AIM OF THE EXERCISE:
Images are not wanted; transcribe the rest of the listing exactly.

GIVEN INFORMATION:
○ ○ ○ ○ ○ ○ ○

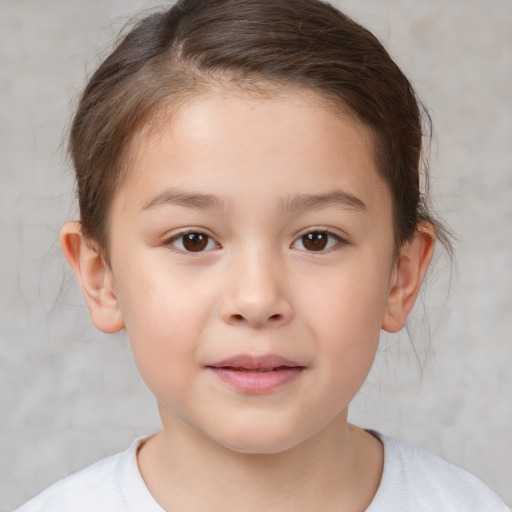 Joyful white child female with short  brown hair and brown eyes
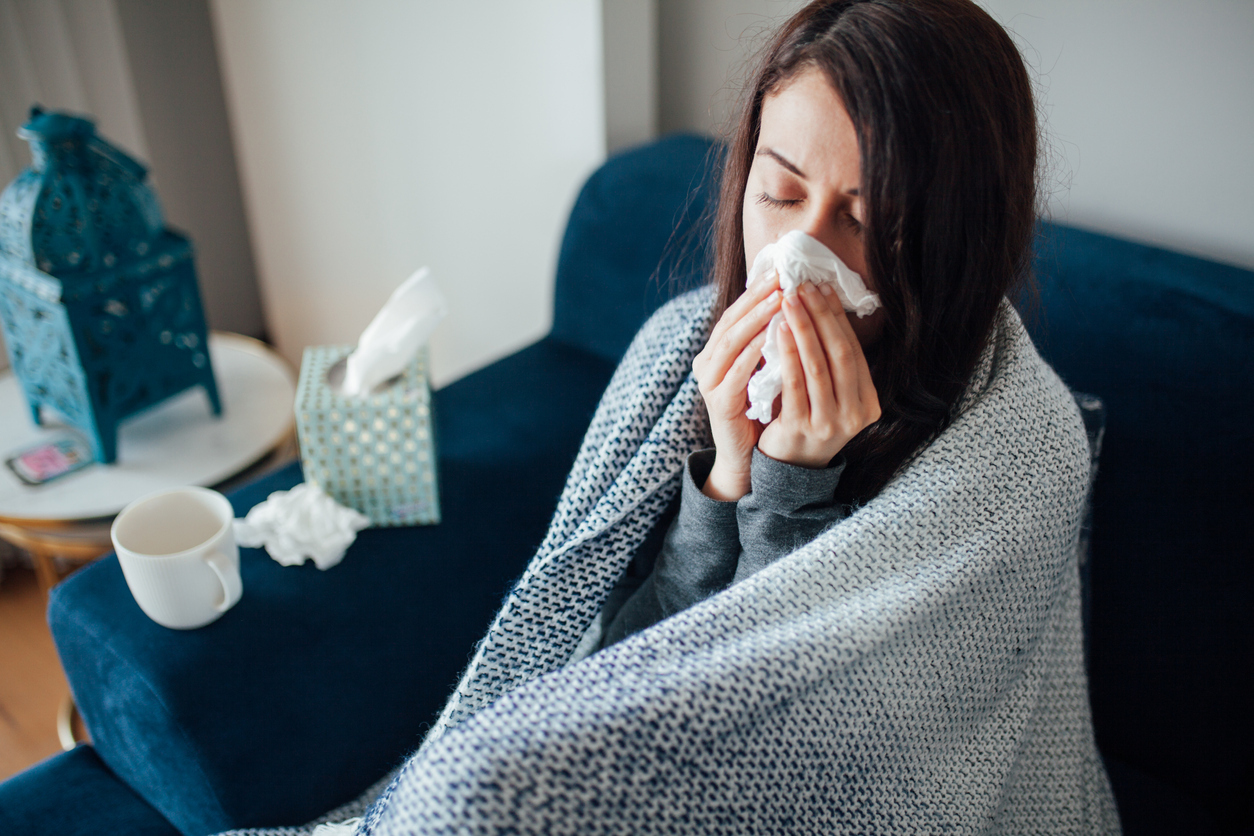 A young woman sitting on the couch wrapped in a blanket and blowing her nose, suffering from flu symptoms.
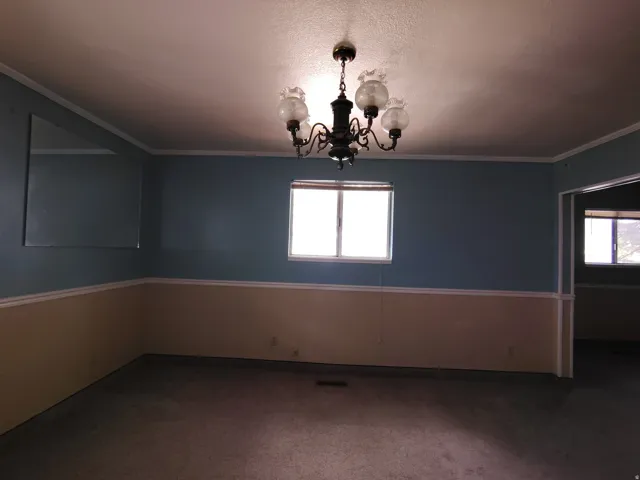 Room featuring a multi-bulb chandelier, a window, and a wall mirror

○ ○ ○ ○ ○ ○ ○

SOLUTION TO THE PROBLEM:
 Joyful white child female with short  brown hair and brown eyes
 A young woman sitting on the couch wrapped in a blanket and blowing her nose, suffering from flu symptoms.
 Room featuring a multi-bulb chandelier, a window, and a wall mirror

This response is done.